Note: nn.DataParallel is easy to implement but might not scale efficiently for very large models or multiple nodes. For more advanced parallelism, consider DistributedDataParallel.

7. Best Practices for GPU Acceleration

To maximize the benefits of GPU acceleration, adhere to the following best practices:

7.1. Choosing Between `view` and `reshape`

Use view When:
- The tensor is contiguous.
- You require the fastest possible reshaping without data copying.
Use reshape When:
- The tensor might be non-contiguous.
- You prefer flexibility over raw speed.

Example 10: Choosing Between view and reshape

import torch

# Create a contiguous tensor
tensor_contig = torch.arange(12).reshape(3, 4)
print("\nContiguous Tensor Shape:", tensor_contig.shape)

# Use view
reshaped_view = tensor_contig.view(6, 2)
print("Reshaped with view:", reshaped_view.shape)

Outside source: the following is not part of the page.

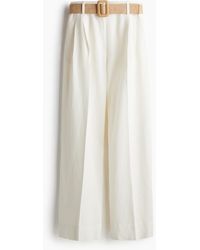 H&M - Hose aus Leinenmix mit Gürtel - Lyst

# Transpose to make it non-contiguous
tensor_non_contig = tensor_contig.transpose(0, 1)
print("\nNon-Contiguous Tensor Shape:", tensor_non_contig.shape)

# Attempt to use view (will fail)
try:
    reshaped_view = tensor_non_contig.view(6, 2)
except RuntimeError as e:
    print("Error with view on non-contiguous tensor:", e)

# Use reshape instead
reshaped_reshape = tensor_non_contig.reshape(6, 2)
print("Reshaped with reshape:", reshaped_reshape.shape)

Expected Output:

Contiguous Tensor Shape: torch.Size([3, 4])
Reshaped with view: torch.Size([6, 2])

Non-Contiguous Tensor Shape: torch.Size([4, 3])
Error with view on non-contiguous tensor: view size is not compatible with input tensor's size and stride (at least one dimension spans across two contiguous subspaces). Use .reshape(...) instead.
Reshaped with reshape: torch.Size([6, 2])

7.2. Minimizing Data Copies

Data transfer between CPU and GPU can be a bottleneck. To minimize data copies:

Batch Data Transfers: Move entire batches at once rather than individual samples.
Avoid Unnecessary Transfers: Keep data on the GPU once it's moved there, especially during training loops.
Use .to(device) Efficiently: Chain operations when possible to reduce intermediate tensors.

Example 11: Minimizing Data Transfers

import torch

# Define device
device = torch.device("cuda" if torch.cuda.is_available() else "cpu")
print("Using device:", device)

# Create a large tensor
large_tensor = torch.randn(10000, 10000)

# Inefficient: Moving individual rows
start_time = time.time()
for row in large_tensor:
    row_gpu = row.to(device)
end_time = time.time()
print(f"Inefficient Data Transfer Time: {end_time - start_time:.4f} seconds")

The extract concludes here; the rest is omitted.